Carlsberg and Heineken both unanimously announced today to leave the country. After a strategic review the Dutch brewer decided “that Heineken’s ownership of the business in Russia is no longer sustainable nor viable in the current environment.” Equally Carlsberg said “we have taken the difficult and immediate decision to seek a full disposal of our business in Russia.”
Immediately after Russia’s President Putin's started invading Ukraine on February 24, both companies announced that there would be no new investments in Russia. One week later, the two brewers joined many other Western companies to halt operations in Russia. (inside.beer, 10.03.2022)
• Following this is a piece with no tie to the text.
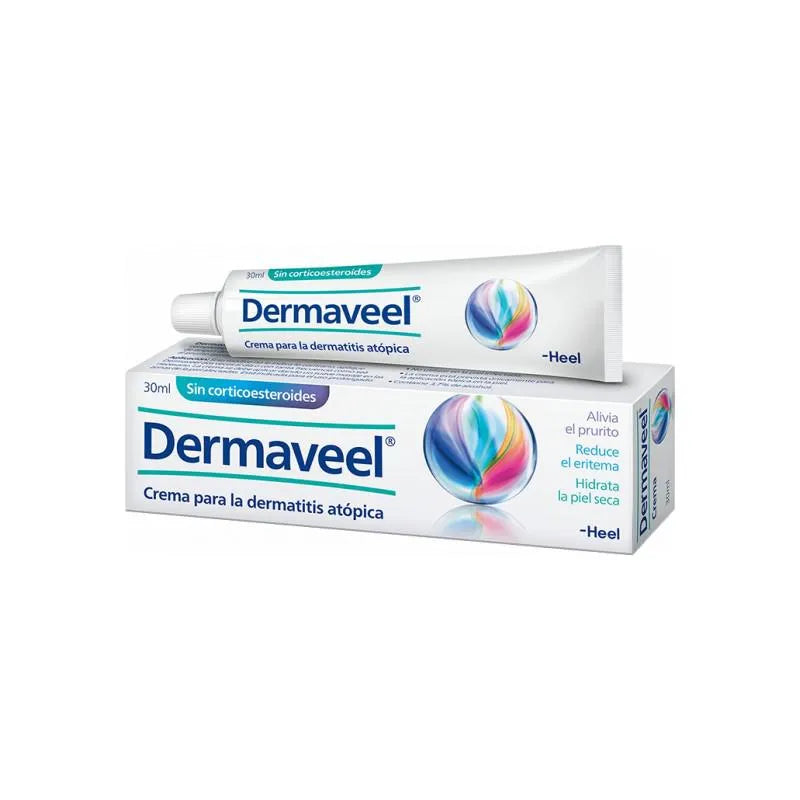 Heel Dermaveel crema Per La Dermatite Atopica 30 ml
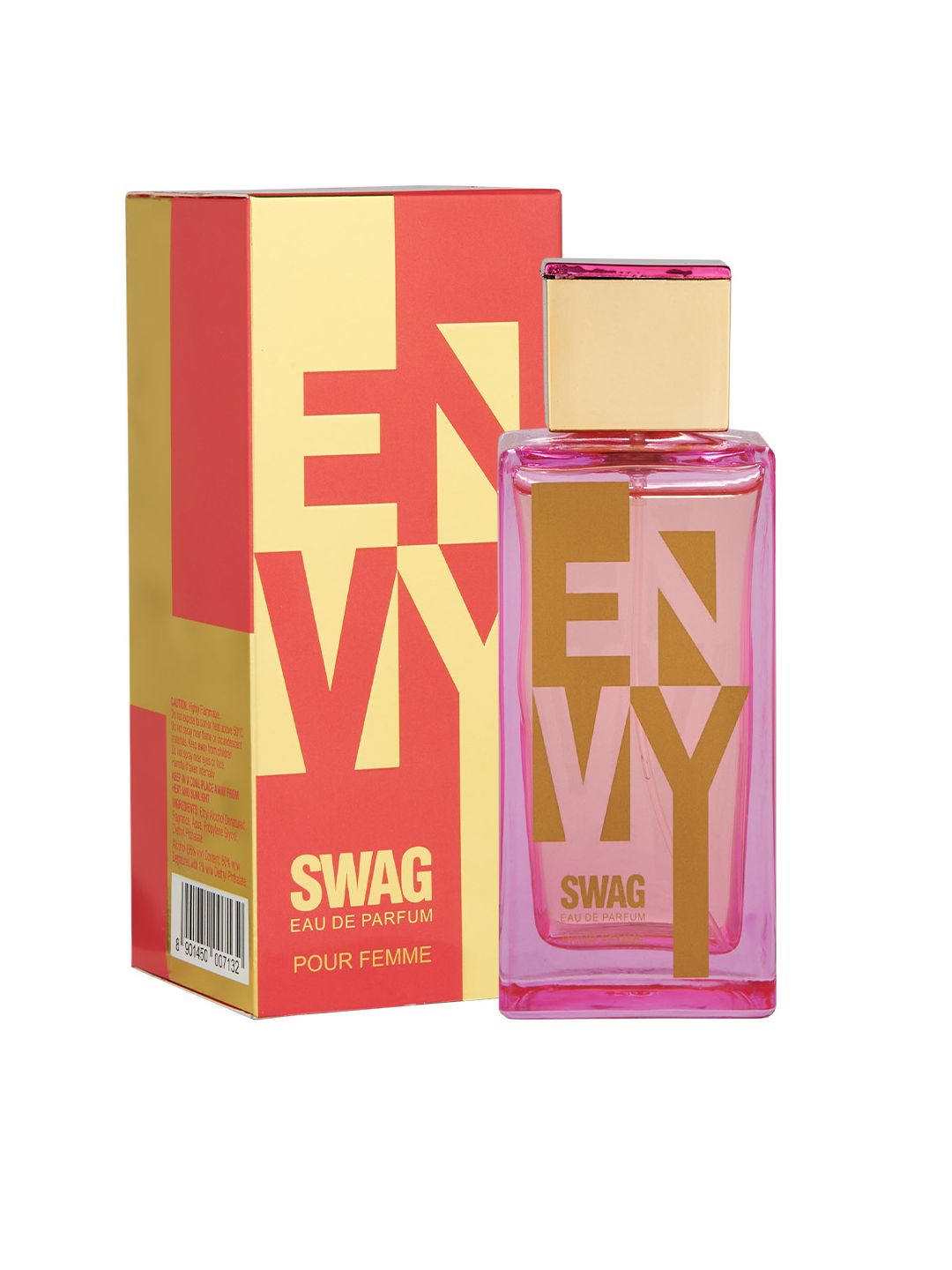 Envy Women Swag Eau de Parfum - 100ml-picture-14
Today’s announcements go one step beyond because the companies commit to completely exit the country. “ Until this can be achieved they “maintain the recently announced reduced level of operations” (Carlsberg) or “continue with the recently reduced operations” (Heineken). Upon completion both brewers “will have no presence in Russia,”(Heineken & Carlsberg)
Heineken also said it “will not profit from any transfer of ownership” and Carlsberg announced that “any profits generated during the humanitarian crisis will be donated to relief organisations.”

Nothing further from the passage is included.